• [ENTRIES SUPPLIED]:
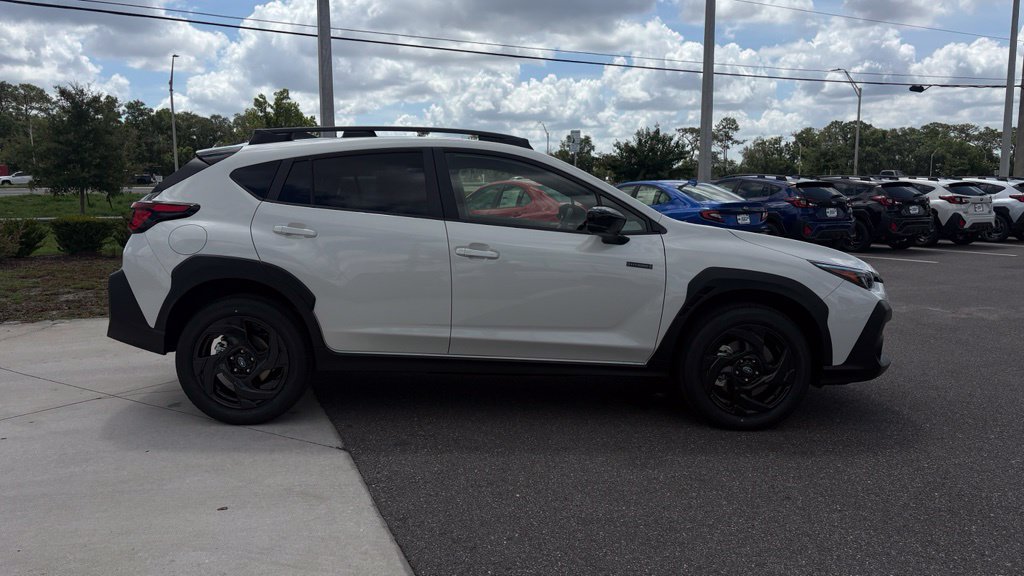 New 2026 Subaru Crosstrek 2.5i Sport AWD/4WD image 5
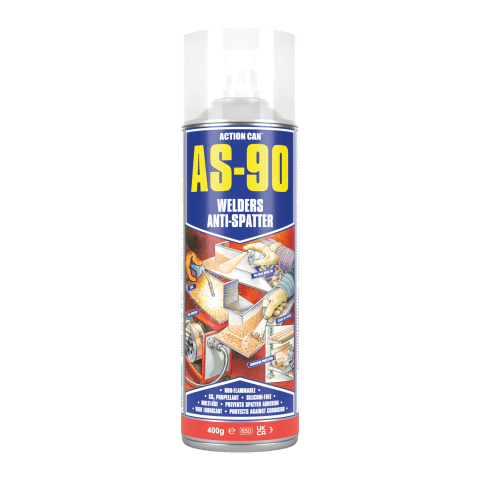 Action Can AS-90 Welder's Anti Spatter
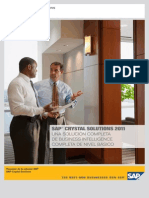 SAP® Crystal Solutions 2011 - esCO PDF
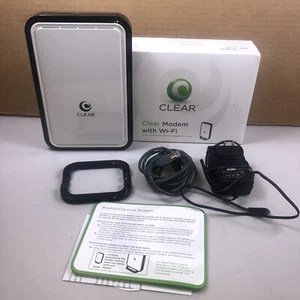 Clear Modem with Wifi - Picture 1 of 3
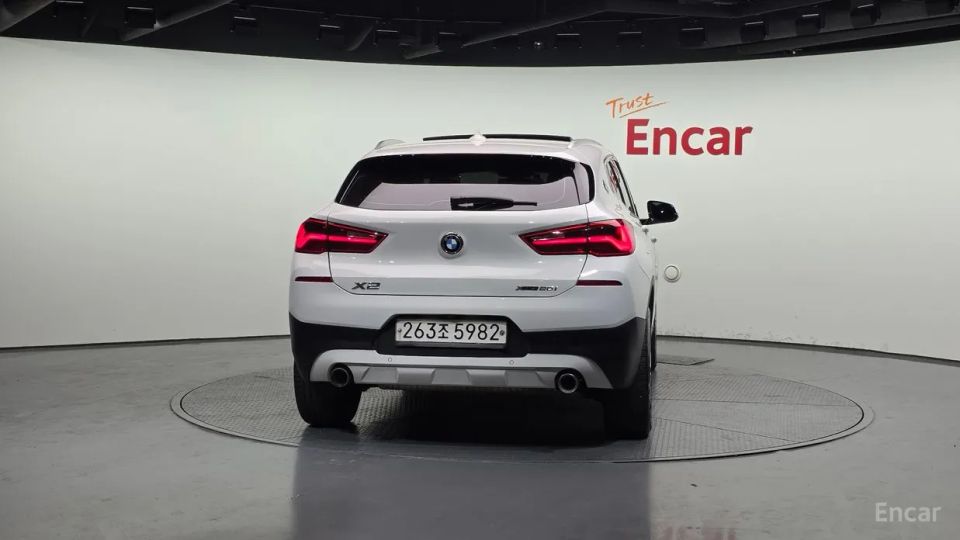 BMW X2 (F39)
==
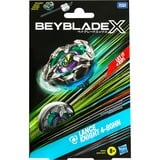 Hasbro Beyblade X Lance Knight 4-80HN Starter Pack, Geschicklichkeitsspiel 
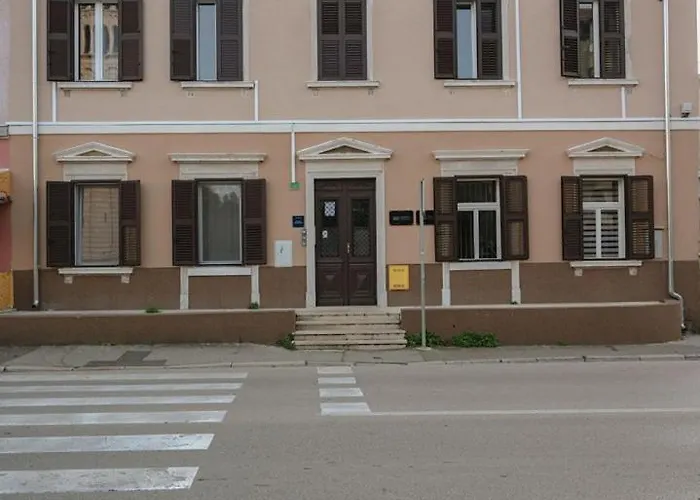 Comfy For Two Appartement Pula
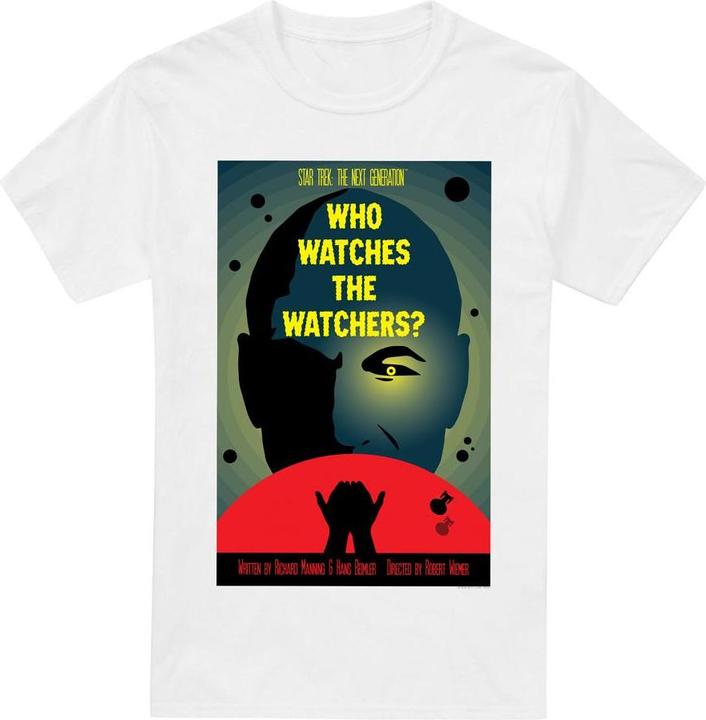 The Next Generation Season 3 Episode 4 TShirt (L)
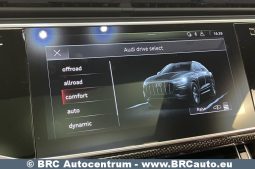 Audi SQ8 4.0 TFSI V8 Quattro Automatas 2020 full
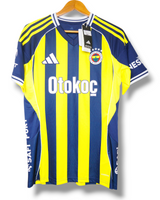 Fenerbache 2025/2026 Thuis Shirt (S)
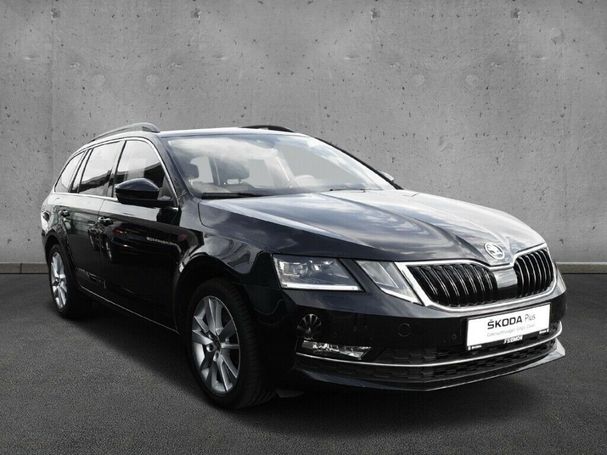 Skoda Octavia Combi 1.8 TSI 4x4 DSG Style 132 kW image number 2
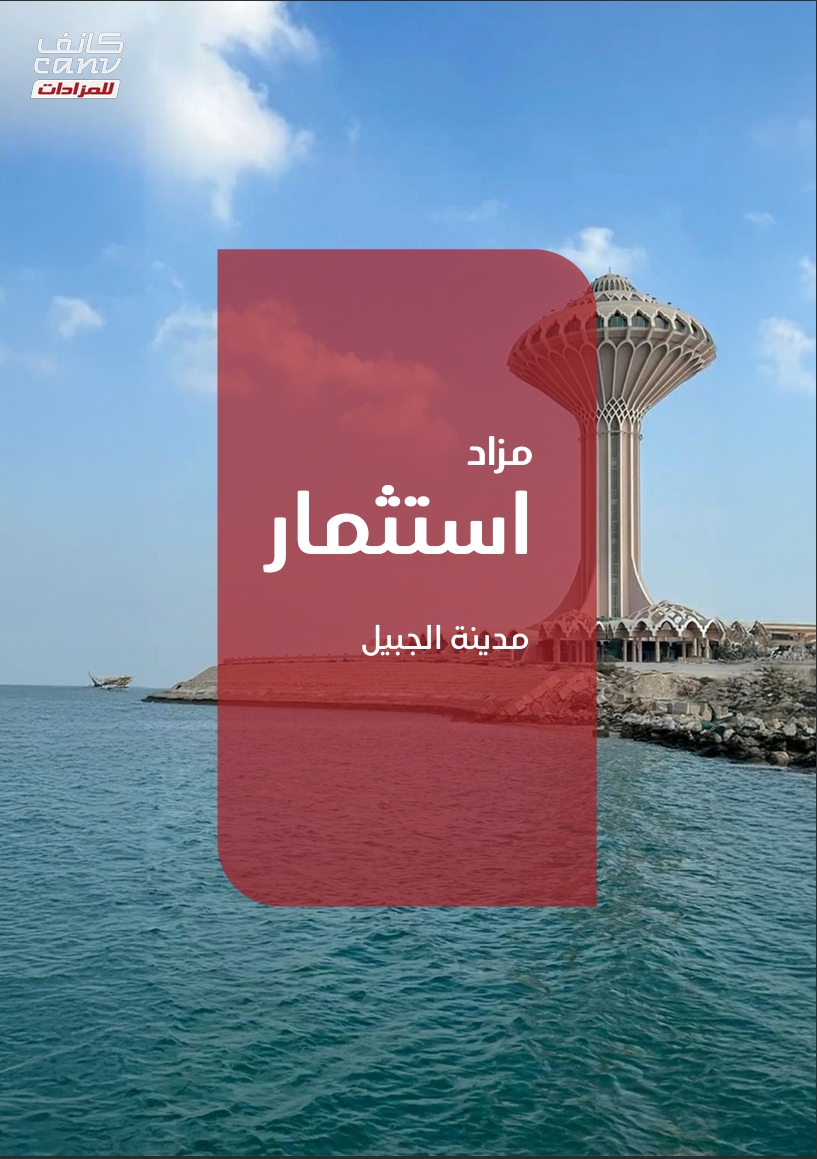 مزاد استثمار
--
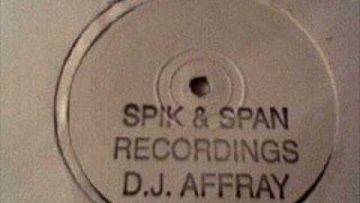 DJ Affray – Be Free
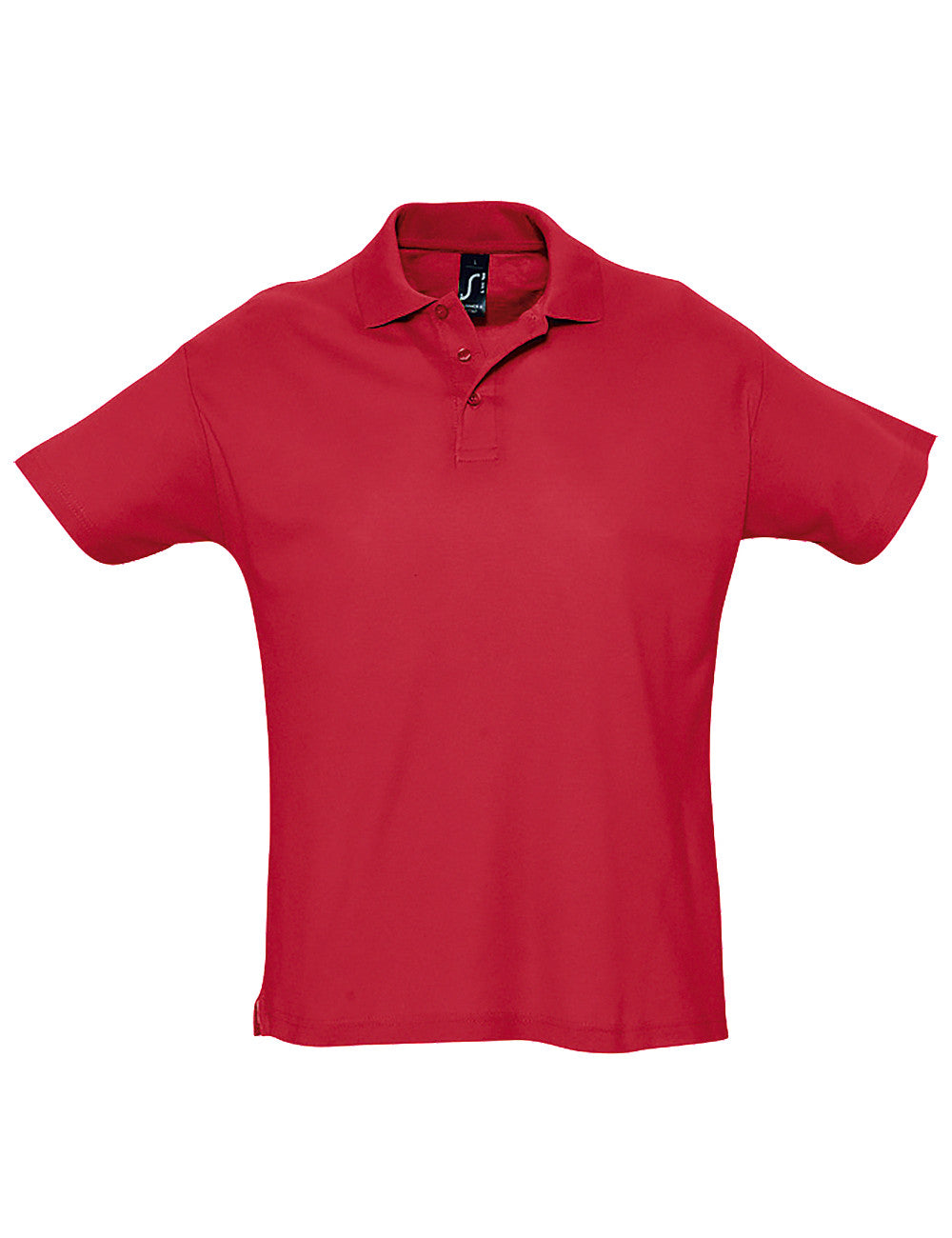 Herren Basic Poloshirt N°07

• [TO DO]:
Pictures in the entries do not go into the copy. Print only the lines starting at the one containing "New 2026 Subaru" and ending at the one containing "BMW X2 (F39)", exactly as they appear.

• [THE COMPLETED TASK]:
 New 2026 Subaru Crosstrek 2.5i Sport AWD/4WD image 5
 Action Can AS-90 Welder's Anti Spatter
 SAP® Crystal Solutions 2011 - esCO PDF
 Clear Modem with Wifi - Picture 1 of 3
 BMW X2 (F39)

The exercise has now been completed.